Advertisement
Advertisement

Guangdong needs 1m extra workers

Annette Chiu

Guangdong, the largest export province in the mainland, is expected to face a shortage of one million low-skilled workers this year.

About 70 per cent of enterprises in the Pearl River Delta said they had difficulty hiring labour, the Guangdong statistics bureau said.

'Rapid economic growth and increasing exports lead to corporate expansion ... The increase of labour in the region cannot catch up with the growing number of enterprises,' it said in an article on the website of the National Bureau of Statistics of China.

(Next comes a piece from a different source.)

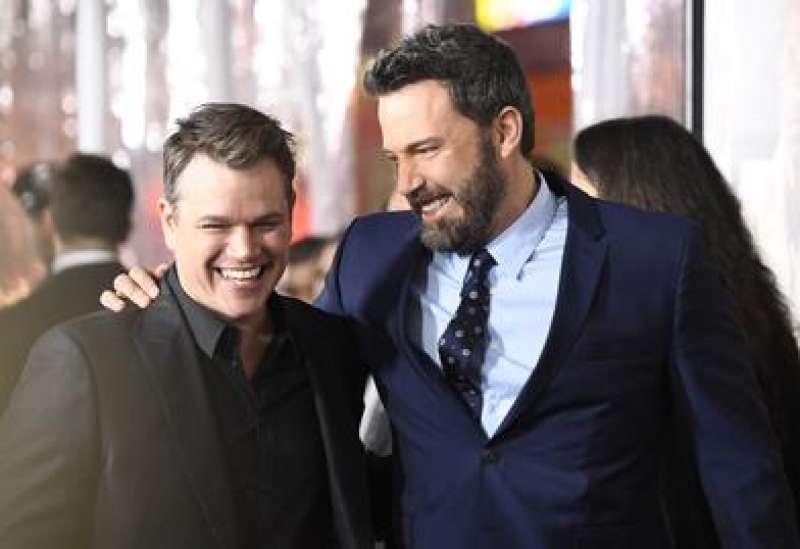 matt damon ben affleck. 3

Low salaries and poor welfare also would drive workers away from repetitive factory jobs, the bureau said. An average worker earns about 1,000 yuan a month.

The bureau interviewed 329 enterprises in the Pearl River Delta at the end of last year, with responses indicating the structural labour shortage 'will go on for a while', especially in cities such as Dongguan, Shenzhen and Guangzhou.

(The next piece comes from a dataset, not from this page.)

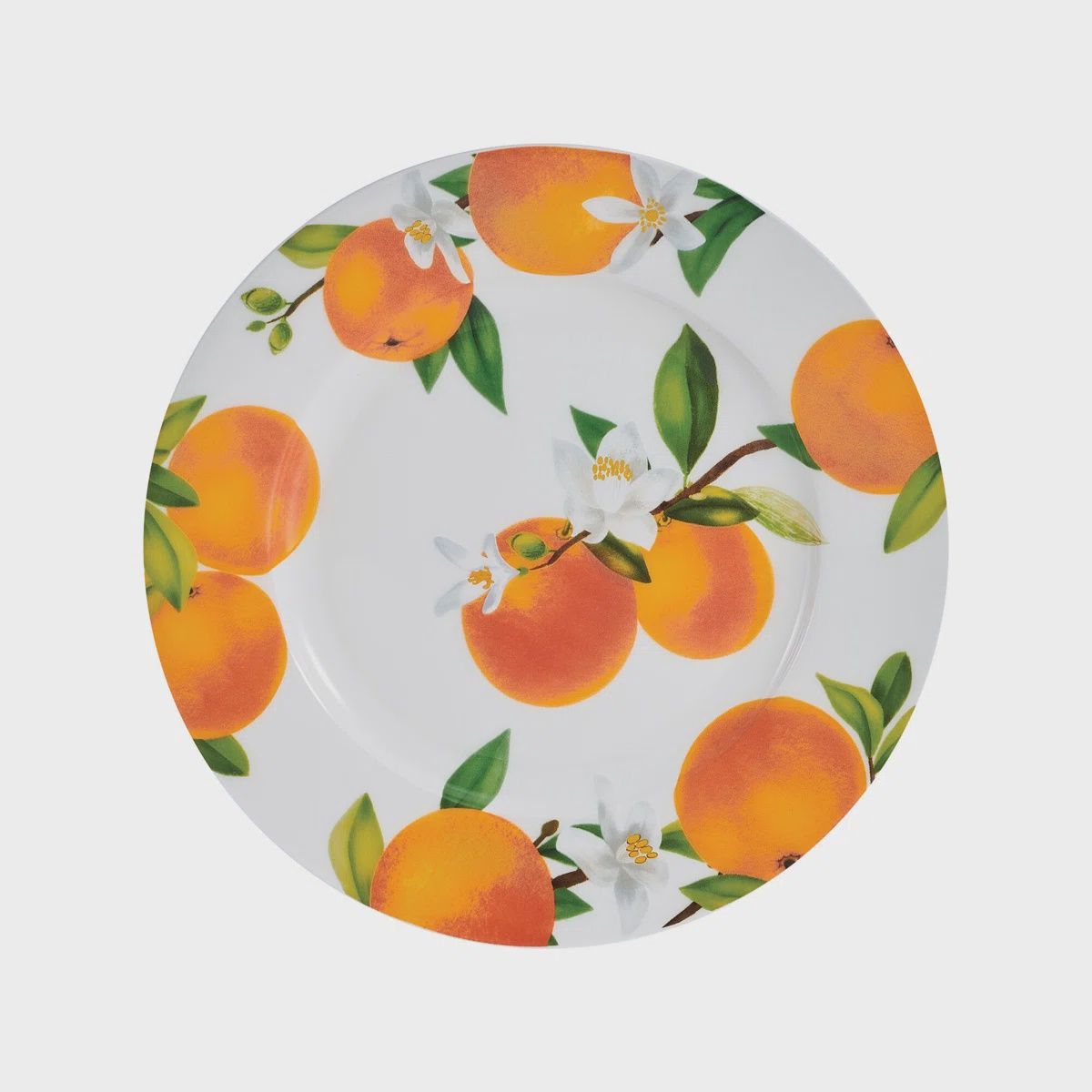 Mandarin Salad Plate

Tony Wu, an executive director of toymaker Smart Union Group, said salaries had increased by more than 10 per cent this year in a bid to lure labour. The company had failed to fill 20 per cent of vacancies during the peak season between May and October at its production plant in Dongguan.

'It's been a headache to hire workers these days. The problem is getting more serious,' Mr Wu said.

He said the firm would increase incentives and improve the working environment to retain workers in the short term but would push ahead with automation to improve efficiency in the near future to cope with the labour shortage.

'We're also considering relocating part of the manufacturing facilities to northern Guangdong, such as in Qingyuan,' he said.

Hu Wenbin, the chief of investment of Guangdong Donlim Kitchen Group, said the company did not yet have an acute labour shortage at its plant in Shunde. His factory raised salaries by about 8 per cent this year to retain workers.

Guangdong, accounting for 32 per cent of the country's export value, is the largest export province. According to the Ministry of Commerce, the value of its exports reached US$67.26 billion in the first five months of last year, up 24.6 per cent year on year.